My twitter stream has been filled most of the morning with the hashtag #beyondthetextbook and it has been an interesting conversation. I thought while I was thinking about it I would write a couple of short notes about the conversation.
#1. I am all for losing the traditional textbook. As it stands now, most of my classes don't use the textbook very often. I don't think that US History has used their text at all this year. World History has done some work out of their book here and there. AP US has nightly reading assignments from their book but I could just as easily give them readings from somewhere else. But there are problems.

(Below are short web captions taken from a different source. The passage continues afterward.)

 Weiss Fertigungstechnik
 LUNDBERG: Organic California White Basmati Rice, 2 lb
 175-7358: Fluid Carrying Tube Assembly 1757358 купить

Internet access is absolutely critical to losing the text. In the classes that I teach that use the computer lab, I almost never refer to the book. But in the classes without access, the students use their book more. It would either be a text of some kind or internet access. If I ran off all the things that I wanted my students to read then my school might get angry and the way that I was using up paper resources for readings.

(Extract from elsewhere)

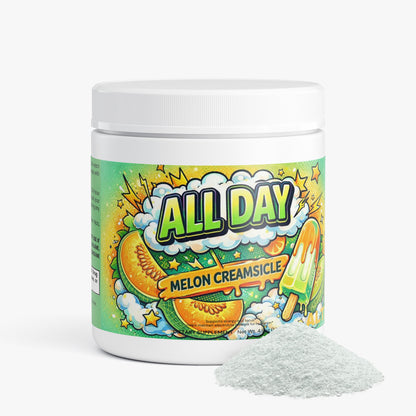 All-Day (Melon Creamsicle)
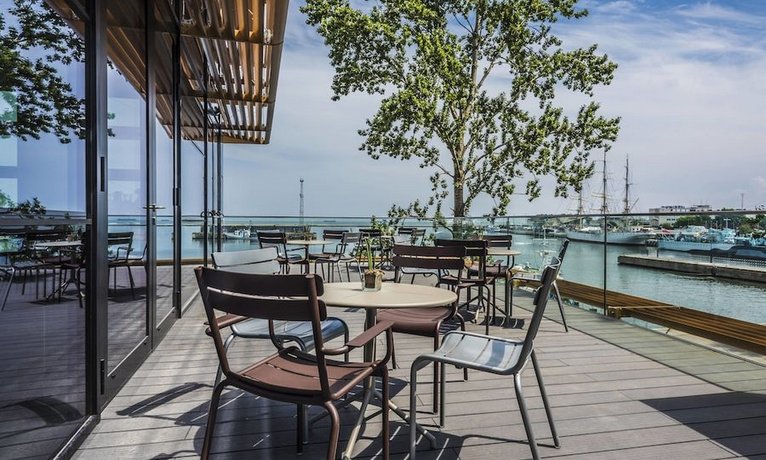 Courtyard by Marriott Gdynia Waterfront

#2. The biggest resistance would come from people who use the book quite a bit. Some of these might be veteran teachers but some might also be new teachers who are still learning content. It's nice when veteran teachers have been teaching the same thing for many years and have lots of resources. Unfortunately, most novice teachers don't have many resources. I wonder if we made veteran teachers teach a new subject if those teachers would so easily be able to get rid of the text.
#3. Parents like to know that the students have textbooks. We would have to change the way that parents view education in order to get rid of all textbooks. Of course, this applies to everyone who has ever gone to school. Part of the problem with any ed reform is the fact that we have to convince stakeholders that the schools do, in fact, know what they are doing.
Anyway, just a few quick thoughts. Maybe I'll come back to this later after I have more time to think on it.